Views / Science Says

Great Barrier Grief: Australia's treasure is dying

To put it glibly, one day this could be a real snorkelling attraction: The Ghost Town Tour.

Coral bleaching happens when the algae coral depend on die, fall off or degrade.

Coral bleaching happens when the algae coral depend on die, fall off or degrade.

Two-thirds of Australia’s teeming Great Barrier Reef could die thanks to coral bleaching. To put it glibly, one day this could be a real snorkelling attraction: The Ghost Town Tour. In every direction, as far as the eye can see, swimmers explore a vast white ossuary where a coral reef once teemed with life. This isn’t the only reef facing such a bleak fate. Here’s why.
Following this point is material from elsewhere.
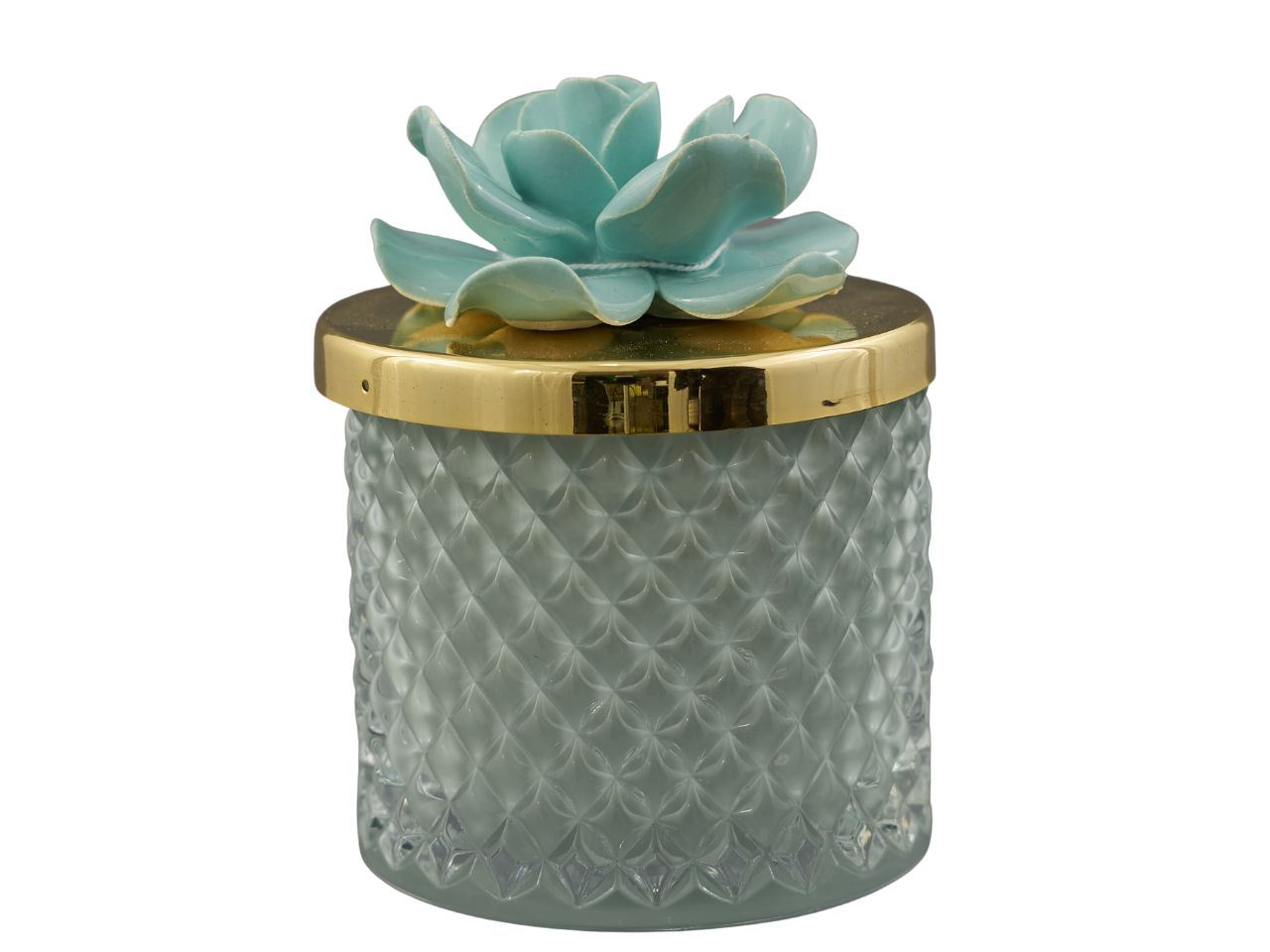 Candela avion diamond con fiore capodimonte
Stony corals have hard, white skeletons of calcium carbonate that form the basis of reefs. They’re covered in friendly, pigment-rich algae called zooxanthellae, which give coral their brilliant colours and serve as a major food source. When algae fall off or die or their pigments degrade, that’s bleaching. It’s fatal within a few months.  

Why does it happen?

Change in temperature: Warming water due to climate change is the leading cause. A cold shock can have the same effect.

Ocean acidity: Excess carbon dioxide in the air dissolves in the ocean, forming carbonic acid. Too much of it hurts corals.   

Changing tides: Exposure to air causes bleaching.

Too much sun: If it’s too hot outside, algae pigments degrade and produce toxic chemicals.  

Pollution: Some human-made chemicals make bleaching worse.  

 

Andres Plana/Metro

How big is the Great Barrier Reef?

About the size of Germany. Its area could fit:
• All the Great Lakes,
• Lake Winnipeg,
• Great Bear Lake,
• Great Slave Lake
• About 11 million hockey rinks

.. COMBINED.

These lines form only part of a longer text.